昨日から「無い無い病」が発症している。
無い無い病という病気があるわけではない。
『あれがない、これがない』とババオが騒ぐことを私が勝手に『無い無い病』と呼んでいる。
今日も朝から「コートがない、コートがない」とババオが血相変えて飛び込んできた。
でも、クローゼットを開けると、ちゃんとそのコートが吊るしてある。
一体どこを見ているのだろうか…。目に入らないのだろうか。
それも一度出して、全部見ているというのに。
まったく不思議だ。
さらに「鍵がない。」とまた飛び込んでくるババオ。
昨日合った鍵が玄関にないというのだ。確かに昨日の午前中まであったのは私も確認している。
私も一緒に探すが、コートのポケットにも、バックにも、昨日買い物に行った際のスーパーの袋にもない。
まぁ、最近おかしな場所に、おかしな物が置いてあったりするから、きっと鍵もどこかに置いてしまったのだろう。時間が経てば出てくるわ、と放っておく。
しかし納得できないババオ…
「誰がが入ってきて持って行ったのかしら…」とまた被害妄想全開のことを言い始める。
「えっ?一体鍵がかかった家に、誰が入ってきて盗ったっていうの? それはあり得ない。」と全否定の私。
つい「年を取って呆けると、人が盗ったとか言い出すようになるから、それは言わない方がいいよ。」とか余計なことを言ってしまう。
こう毎日いろいろなことが勃発すると、こちらもウンザリして、言わなくていいこともいってしまう。しかし、もうそれも許してもらうこととする。お互い様だ。
すると、しばらくしてババオ「鍵があった、あった!」と叫ぶ声。
「このジャケットのポケットにあったわ~。」
昨日は暑かったから、コートじゃなくジャケットを着ていったそうで、そのポケットに鍵が入っていたそうだ。

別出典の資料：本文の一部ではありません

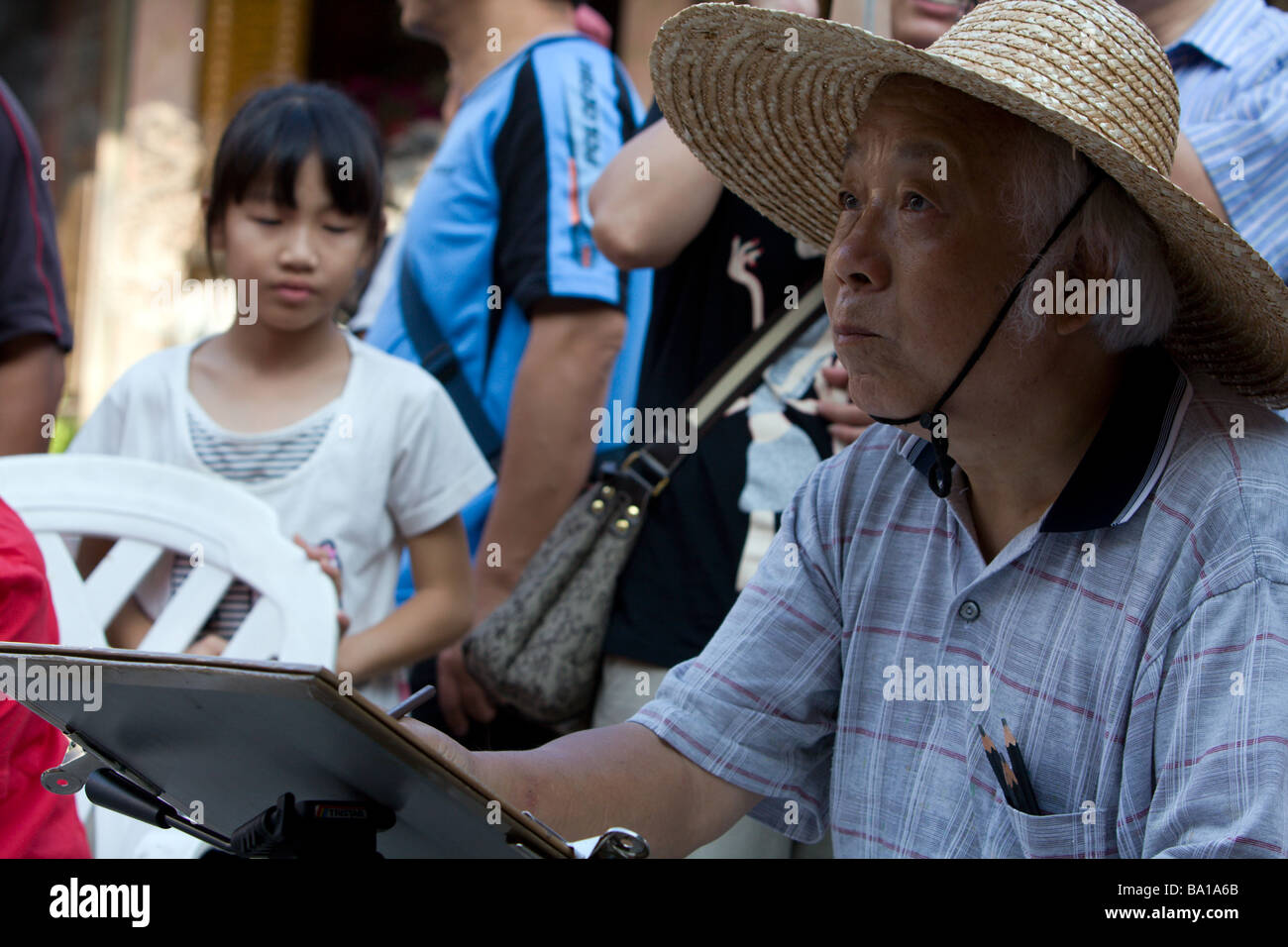 An elderly man with straw hat drawing a man on white paper, Longshan Temple, Lukang Township, Changhua County, Taiwan Stock Photo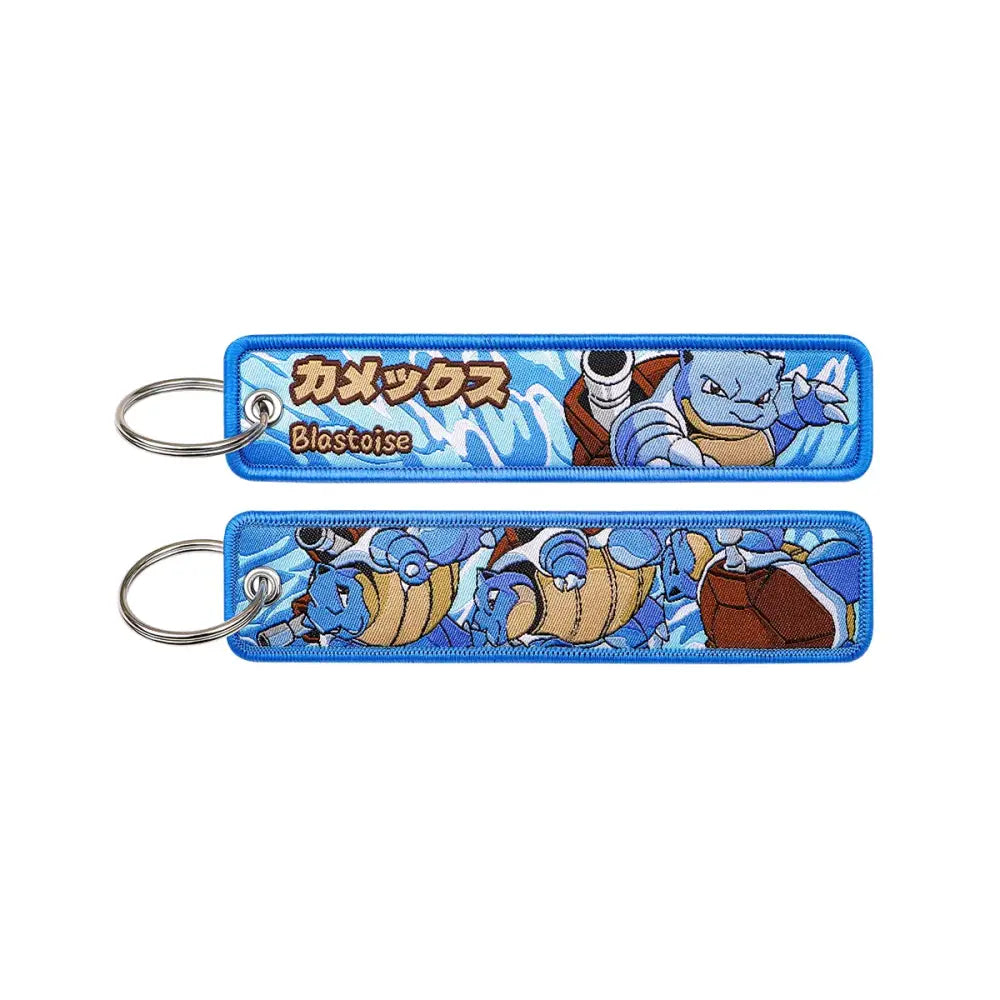 Blue embroidered pokemon blastoise keychain with japanese text and dynamic water design for jet tag accessory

そういや、さっき部屋にペラペラの夏物のジャケットが吊るしてあったけど、まさか、それ???
ババオに聞くと、「そう。だって、すごく暑かったでしょ。」との返事…。
「・・・」絶句する私。
ホント、まさにメッシュの夏物だ。これじゃ頭のおかしいお婆さんとしか見えないよ。
確実に、確実に何かがおかしくなっている。
今夜は「老人の取扱説明書」をもう一度読むか…。
読むと胸のつかえが「少しだけ」薄まる気がする。…ご参考まで。
明日もいい日でありますように。